The design and fabrication of three silicon-micromachined variable capacitors is presented utilizing nematic LC technology: a shunt capacitor, a series capacitor with an integrated bias line, and another series capacitor. Enclosed within a thin micromachined housing, the LC material enables electronic control over its dielectric properties, offering versatility across a broad spectrum of RF reconfigurable applications requiring analog tuning. Measurement and simulation outcomes for the chip LC shunt variable capacitor reveal a measured quality factor ranging from 44 to 123 at 1 GHz. With a biasing voltage adjustable from 0 V to 40 V, the fabricated micromachined capacitor demonstrates an 18% capacitance shift. The LC-based series capacitor, featuring an integrated bias line, isolates voltage control from RF terminals, serving a pivotal role in devices where series capacitors are essential. With a 21% shift in capacitance and a quality factor of up to 45 at 1 GHz, the capacitor's performance is evaluated comprehensively through measurement and simulation. Another LC-integrated series capacitor, tailored for applications necessitating a series capacitor without isolating bias voltage from RF terminals, assumes a crucial role. Demonstrating a notable 24% shift in capacitance and achieving a quality factor of up to 105 at 1 GHz, the capacitor's performance undergoes comprehensive evaluation through measurement and simulation. Unlike the shunt capacitor, the two series capacitors feature a 10 µm thin layer of LC material, contributing to lower control voltage requirements and faster response times. These devices are manufactured through an in-house multi-layer microfabrication process.

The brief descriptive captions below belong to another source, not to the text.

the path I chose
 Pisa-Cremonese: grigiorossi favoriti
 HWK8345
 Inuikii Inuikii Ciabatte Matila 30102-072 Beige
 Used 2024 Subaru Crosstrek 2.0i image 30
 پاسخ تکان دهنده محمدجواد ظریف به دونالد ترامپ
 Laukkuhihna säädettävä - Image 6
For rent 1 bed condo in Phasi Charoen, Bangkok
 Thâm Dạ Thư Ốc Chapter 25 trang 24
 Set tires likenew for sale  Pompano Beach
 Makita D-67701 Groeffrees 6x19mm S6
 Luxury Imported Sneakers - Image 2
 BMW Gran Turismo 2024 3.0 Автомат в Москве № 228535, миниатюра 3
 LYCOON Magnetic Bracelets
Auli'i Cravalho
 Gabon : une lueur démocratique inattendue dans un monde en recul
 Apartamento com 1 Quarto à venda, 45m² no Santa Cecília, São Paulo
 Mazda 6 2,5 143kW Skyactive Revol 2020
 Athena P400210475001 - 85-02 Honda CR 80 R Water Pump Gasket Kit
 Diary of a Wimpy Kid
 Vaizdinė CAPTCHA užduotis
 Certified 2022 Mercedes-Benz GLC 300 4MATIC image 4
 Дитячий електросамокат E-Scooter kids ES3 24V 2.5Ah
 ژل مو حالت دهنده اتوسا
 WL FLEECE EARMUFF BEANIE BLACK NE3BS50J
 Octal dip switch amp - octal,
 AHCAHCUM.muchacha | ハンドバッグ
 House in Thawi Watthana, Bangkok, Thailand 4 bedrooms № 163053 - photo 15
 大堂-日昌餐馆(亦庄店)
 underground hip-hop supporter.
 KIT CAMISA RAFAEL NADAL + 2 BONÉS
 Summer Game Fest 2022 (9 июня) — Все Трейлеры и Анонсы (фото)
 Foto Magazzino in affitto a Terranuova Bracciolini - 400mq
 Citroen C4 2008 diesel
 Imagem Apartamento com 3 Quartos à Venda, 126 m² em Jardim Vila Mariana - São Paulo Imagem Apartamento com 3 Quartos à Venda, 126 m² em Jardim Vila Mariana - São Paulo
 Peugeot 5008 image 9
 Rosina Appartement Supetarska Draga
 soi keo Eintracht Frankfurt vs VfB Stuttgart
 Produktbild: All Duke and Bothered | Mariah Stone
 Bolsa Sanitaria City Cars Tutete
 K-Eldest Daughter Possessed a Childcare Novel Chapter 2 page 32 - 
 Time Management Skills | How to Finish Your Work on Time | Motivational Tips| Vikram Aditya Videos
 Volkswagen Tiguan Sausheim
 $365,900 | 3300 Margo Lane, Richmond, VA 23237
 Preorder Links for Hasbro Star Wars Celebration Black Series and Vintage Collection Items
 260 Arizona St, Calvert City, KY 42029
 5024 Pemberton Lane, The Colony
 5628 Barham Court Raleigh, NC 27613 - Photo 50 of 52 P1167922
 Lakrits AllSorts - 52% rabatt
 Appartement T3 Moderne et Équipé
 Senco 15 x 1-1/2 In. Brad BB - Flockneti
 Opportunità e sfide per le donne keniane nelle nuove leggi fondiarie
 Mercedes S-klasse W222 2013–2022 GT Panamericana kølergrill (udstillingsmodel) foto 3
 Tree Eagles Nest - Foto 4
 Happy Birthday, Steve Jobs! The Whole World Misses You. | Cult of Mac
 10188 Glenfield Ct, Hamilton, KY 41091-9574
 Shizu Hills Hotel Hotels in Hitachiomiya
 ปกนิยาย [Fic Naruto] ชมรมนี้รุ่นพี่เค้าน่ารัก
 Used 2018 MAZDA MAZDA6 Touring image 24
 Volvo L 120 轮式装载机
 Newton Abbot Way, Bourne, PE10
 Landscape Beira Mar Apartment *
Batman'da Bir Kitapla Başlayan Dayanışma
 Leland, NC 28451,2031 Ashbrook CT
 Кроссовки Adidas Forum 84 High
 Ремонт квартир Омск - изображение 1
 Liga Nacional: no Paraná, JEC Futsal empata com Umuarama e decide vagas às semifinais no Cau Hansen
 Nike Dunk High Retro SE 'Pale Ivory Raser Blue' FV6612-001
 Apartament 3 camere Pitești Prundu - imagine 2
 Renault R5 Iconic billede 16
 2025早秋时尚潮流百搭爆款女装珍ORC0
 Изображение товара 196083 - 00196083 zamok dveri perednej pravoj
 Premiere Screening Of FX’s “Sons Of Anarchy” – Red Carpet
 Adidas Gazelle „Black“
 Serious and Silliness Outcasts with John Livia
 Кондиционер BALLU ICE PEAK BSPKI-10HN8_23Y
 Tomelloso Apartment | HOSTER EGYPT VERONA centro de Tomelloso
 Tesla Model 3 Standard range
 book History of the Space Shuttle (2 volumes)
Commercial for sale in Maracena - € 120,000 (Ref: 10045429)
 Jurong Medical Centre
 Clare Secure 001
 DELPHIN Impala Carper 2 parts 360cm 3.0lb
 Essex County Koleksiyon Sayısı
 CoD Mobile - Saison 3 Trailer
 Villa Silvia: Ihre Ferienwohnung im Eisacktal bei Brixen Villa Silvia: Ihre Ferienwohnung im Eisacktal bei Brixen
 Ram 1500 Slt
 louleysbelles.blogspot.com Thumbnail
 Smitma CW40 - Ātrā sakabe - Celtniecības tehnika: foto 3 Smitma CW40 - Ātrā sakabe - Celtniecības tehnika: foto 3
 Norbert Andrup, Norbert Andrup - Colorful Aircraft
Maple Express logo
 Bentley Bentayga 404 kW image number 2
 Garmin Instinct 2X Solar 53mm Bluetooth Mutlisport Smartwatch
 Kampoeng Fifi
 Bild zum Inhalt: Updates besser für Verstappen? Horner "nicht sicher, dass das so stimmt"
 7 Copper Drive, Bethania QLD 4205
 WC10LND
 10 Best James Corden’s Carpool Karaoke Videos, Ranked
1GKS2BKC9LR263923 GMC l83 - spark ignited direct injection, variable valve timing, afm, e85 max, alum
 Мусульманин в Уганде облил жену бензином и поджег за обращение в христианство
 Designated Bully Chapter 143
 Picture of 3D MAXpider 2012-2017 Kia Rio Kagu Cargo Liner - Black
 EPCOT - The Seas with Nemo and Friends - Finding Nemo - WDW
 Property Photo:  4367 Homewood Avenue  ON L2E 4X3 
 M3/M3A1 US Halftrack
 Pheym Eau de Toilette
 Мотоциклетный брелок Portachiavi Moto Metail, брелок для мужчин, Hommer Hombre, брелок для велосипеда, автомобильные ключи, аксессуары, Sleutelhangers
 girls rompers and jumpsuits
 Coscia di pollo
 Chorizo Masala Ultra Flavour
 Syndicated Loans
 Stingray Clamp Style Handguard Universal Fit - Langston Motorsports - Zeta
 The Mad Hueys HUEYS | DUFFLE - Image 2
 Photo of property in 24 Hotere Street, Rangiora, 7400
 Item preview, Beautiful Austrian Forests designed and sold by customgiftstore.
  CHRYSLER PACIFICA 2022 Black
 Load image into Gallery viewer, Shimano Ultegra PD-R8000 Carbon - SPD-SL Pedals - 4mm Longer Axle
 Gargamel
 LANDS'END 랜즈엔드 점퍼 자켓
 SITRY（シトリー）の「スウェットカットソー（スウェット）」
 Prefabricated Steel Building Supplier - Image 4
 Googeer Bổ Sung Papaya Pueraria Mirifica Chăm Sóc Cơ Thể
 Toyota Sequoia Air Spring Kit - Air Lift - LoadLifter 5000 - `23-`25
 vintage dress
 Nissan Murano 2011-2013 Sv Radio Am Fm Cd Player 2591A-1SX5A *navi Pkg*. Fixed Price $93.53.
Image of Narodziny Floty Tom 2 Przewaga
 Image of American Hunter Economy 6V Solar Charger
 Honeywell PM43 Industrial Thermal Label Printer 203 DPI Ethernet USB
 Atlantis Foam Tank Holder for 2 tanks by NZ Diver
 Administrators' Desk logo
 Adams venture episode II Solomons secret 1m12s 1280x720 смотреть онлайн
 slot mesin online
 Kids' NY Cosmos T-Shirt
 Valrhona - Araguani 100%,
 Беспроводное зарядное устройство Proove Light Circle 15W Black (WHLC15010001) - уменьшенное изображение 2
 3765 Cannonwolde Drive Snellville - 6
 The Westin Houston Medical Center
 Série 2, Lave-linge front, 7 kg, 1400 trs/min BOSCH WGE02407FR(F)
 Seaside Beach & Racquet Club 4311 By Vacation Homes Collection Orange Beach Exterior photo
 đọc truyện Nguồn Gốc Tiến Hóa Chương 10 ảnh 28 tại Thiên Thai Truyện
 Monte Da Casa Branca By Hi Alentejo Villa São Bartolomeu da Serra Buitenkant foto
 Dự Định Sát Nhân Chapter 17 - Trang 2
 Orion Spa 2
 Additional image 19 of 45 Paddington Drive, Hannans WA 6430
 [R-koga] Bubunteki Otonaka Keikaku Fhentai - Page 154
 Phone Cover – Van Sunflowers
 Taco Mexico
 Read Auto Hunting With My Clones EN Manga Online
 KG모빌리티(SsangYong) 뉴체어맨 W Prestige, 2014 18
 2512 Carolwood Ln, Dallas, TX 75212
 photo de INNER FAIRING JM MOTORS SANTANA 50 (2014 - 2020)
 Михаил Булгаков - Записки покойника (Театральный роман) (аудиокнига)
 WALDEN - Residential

The thesis introduces a tunable waveguide filter that integrates LC material within quartz glass tubes, actuated by a static magnetic field. This innovative filter demonstrates a 7% tuning range with minimal bandwidth variation. Experimental validation for a 7.5 GHz filter with a 2.5% bandwidth confirms the concept's viability. The quality factor of this filter varies between 108 and 288 in the fabricated sample. A single tuning element, employing only one pair of magnets, reduces tuning complexity and enhances reliability. Alternatively, tuning using a pair of coil magnets could eliminate moving parts in the filter. The filter concept holds promise for higher frequencies like mm-Wave, where spectrum usage efficiency relies on reconfigurability.
Finally, two monolithically integrated reflective loads and two reflective-type phase shifters are presented employing LC material as a reconfigurable element. The LC material is confined within a micromachined space, and its dielectric properties are controlled through an applied bias voltage. The tunable reflective loads find applicability in RTPSs. Operating at frequencies of 28 GHz and 62 GHz, the reflective loads exhibit a phase variation of 114 and 118 , respectively, as the bias voltage ranges from 0V to 25V. The 28 GHz and 62 GHz devices demonstrate reflective insertion losses of 3.9 dB and 4.3 dB, respectively, indicating figures of merit of 29 /dB and 27.5 /dB, respectively. Employing tandem hybrids at the operating frequency alongside two identical reflective loads has led to two reflective-type phase shifters at 28 GHz and 62 GHz. While the phase shift remains the same as the corresponding reflective loads, the insertion loss increases due to the use of hybrids. The insertion loss is measured at 5.95 dB and 7 dB for the 28 GHz and 62 GHz samples, respectively. Fabrication of these devices is conducted in-house using a multi-layer microfabrication process. To the best of our knowledge, this marks the first time a fully silicon-made, chip-level LC integrated reflective load and RTPS phase shifter is presented.